» **Exercise objective**:
Each line from the one containing "Scheepjes Sweetheart Soft" to the last line of the listing below is to be duplicated exactly, and no picture is to be carried over.
*** Opening Data excerpt ***
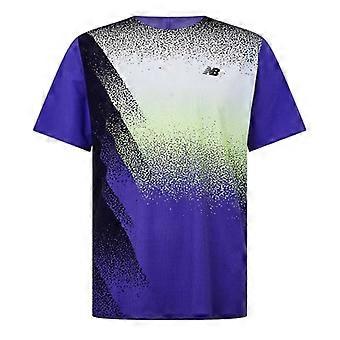 Camiseta New Balance Race Day con logo moteado para hombre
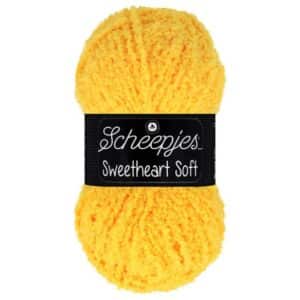 Scheepjes Sweetheart Soft 100g kleur 015 Geel
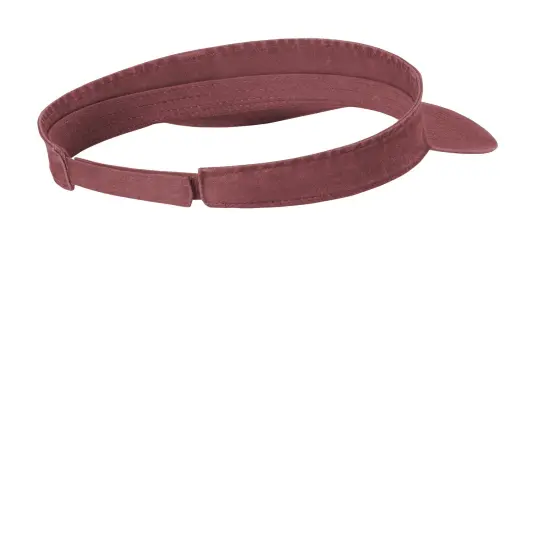 Port Authority&reg; Beach Wash Visor Red Rock {2}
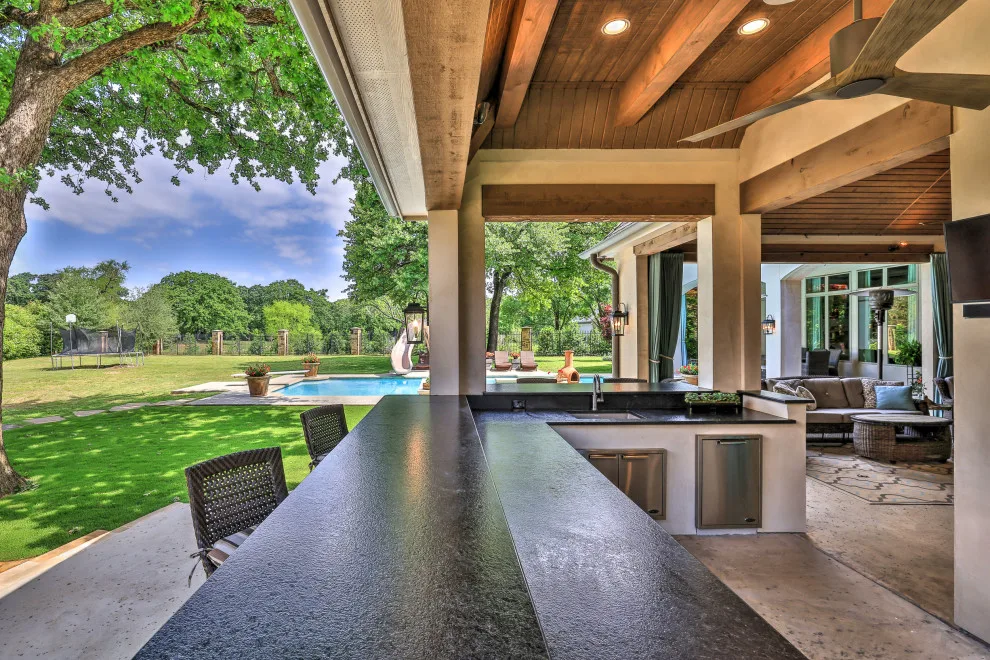 Gourmet Outdoor Cooking Area by Fred Parker Company, Inc. - Photo 9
*** Closing Data excerpt ***
» **Finished task**:
 Scheepjes Sweetheart Soft 100g kleur 015 Geel
 Port Authority&reg; Beach Wash Visor Red Rock {2}
 Gourmet Outdoor Cooking Area by Fred Parker Company, Inc. - Photo 9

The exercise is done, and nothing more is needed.